Caption-style text data:
+++

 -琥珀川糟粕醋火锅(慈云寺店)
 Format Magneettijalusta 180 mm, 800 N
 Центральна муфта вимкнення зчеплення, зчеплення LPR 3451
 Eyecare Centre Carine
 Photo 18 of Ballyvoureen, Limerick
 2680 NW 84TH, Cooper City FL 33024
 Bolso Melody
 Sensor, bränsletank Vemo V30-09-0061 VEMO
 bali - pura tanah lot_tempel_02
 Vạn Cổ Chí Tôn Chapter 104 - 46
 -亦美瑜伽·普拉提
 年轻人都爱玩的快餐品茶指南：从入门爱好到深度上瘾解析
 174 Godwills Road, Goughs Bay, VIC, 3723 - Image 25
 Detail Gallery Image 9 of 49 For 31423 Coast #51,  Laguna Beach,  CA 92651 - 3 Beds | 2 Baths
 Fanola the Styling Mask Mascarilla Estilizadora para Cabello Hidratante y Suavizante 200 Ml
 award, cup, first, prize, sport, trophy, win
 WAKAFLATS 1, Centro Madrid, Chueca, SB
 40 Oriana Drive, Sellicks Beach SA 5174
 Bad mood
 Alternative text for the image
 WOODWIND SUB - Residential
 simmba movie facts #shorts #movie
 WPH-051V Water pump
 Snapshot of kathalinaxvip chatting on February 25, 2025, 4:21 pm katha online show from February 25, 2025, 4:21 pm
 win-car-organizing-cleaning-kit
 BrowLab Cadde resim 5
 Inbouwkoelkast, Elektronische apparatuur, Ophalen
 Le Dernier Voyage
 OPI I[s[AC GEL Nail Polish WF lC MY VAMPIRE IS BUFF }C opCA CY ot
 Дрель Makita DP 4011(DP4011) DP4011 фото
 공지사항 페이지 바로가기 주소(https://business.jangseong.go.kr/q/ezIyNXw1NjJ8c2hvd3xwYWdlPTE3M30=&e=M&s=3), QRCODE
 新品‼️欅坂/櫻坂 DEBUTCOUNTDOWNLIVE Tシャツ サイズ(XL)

+++

◆ What you will do ◆
Please copy the lines above from the line with "Alternative text for the image" up to and including the line with "BrowLab Cadde resim 5", exactly as written and with nothing else.

◆ Result for this task ◆
 Alternative text for the image
 WOODWIND SUB - Residential
 simmba movie facts #shorts #movie
 WPH-051V Water pump
 Snapshot of kathalinaxvip chatting on February 25, 2025, 4:21 pm katha online show from February 25, 2025, 4:21 pm
 win-car-organizing-cleaning-kit
 BrowLab Cadde resim 5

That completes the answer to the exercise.